__DIRECTIONS FOR THIS TASK__.
With every picture left out, restate the listing below exactly as written.

__INPUT DATA__.
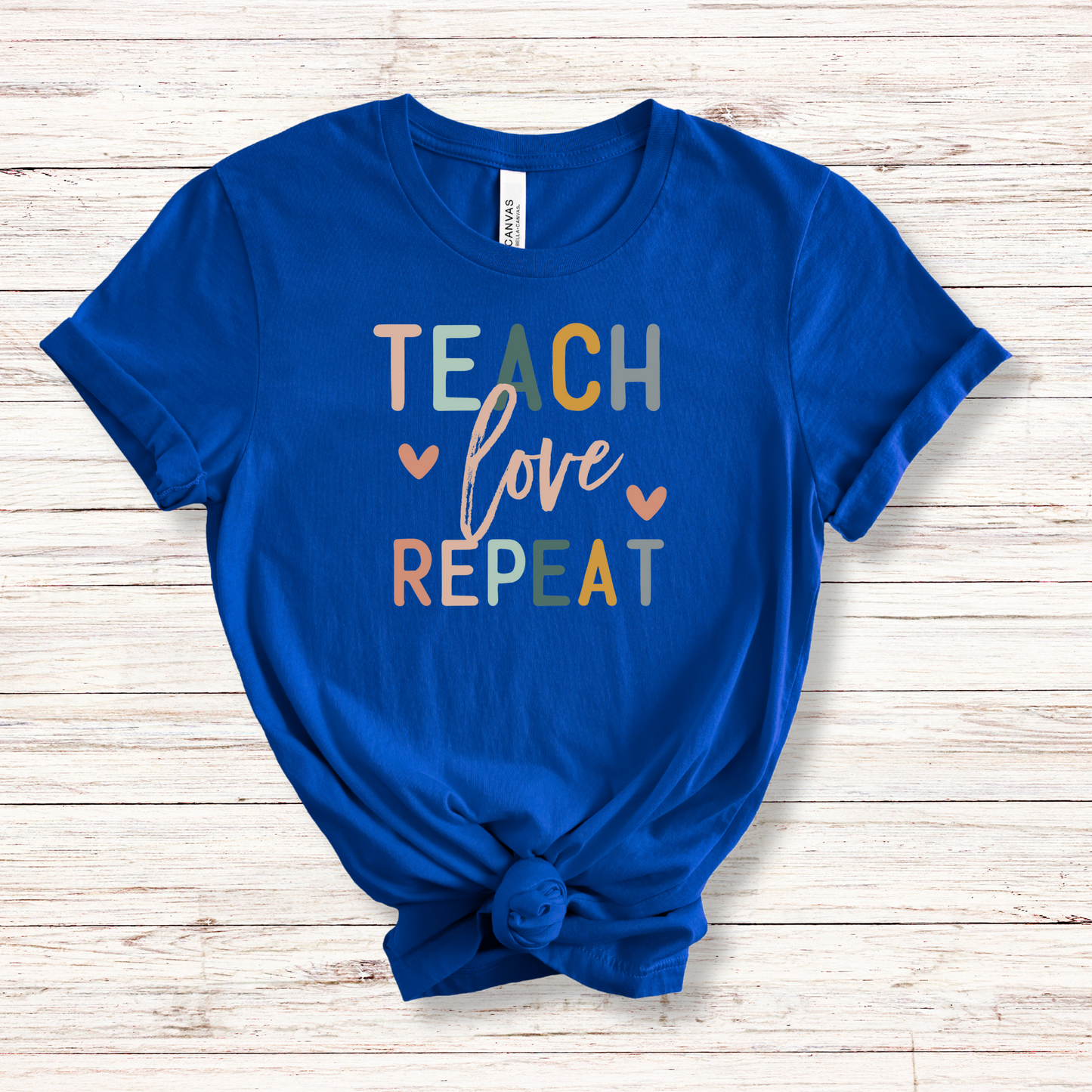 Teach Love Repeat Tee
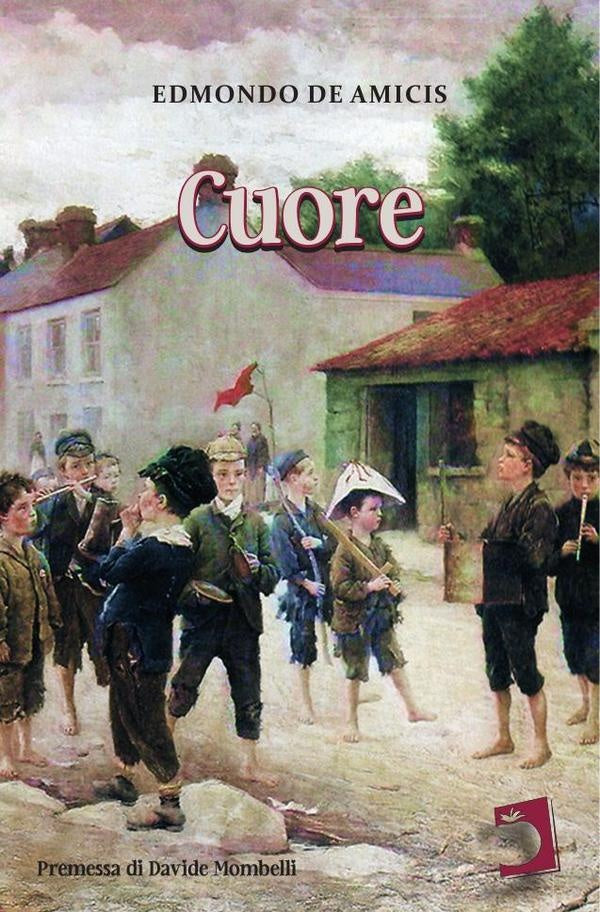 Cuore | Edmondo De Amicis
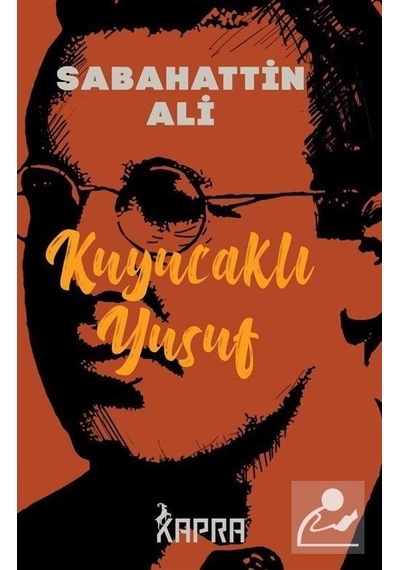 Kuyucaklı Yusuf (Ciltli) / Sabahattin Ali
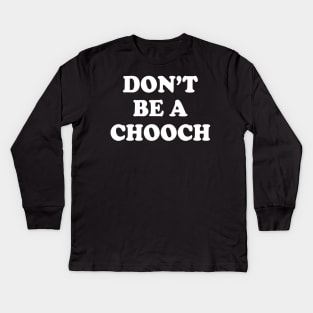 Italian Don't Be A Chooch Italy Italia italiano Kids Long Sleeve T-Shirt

__OUTPUT OF THE EXERCISE__.
 Teach Love Repeat Tee
 Cuore | Edmondo De Amicis
 Kuyucaklı Yusuf (Ciltli) / Sabahattin Ali
 Italian Don't Be A Chooch Italy Italia italiano Kids Long Sleeve T-Shirt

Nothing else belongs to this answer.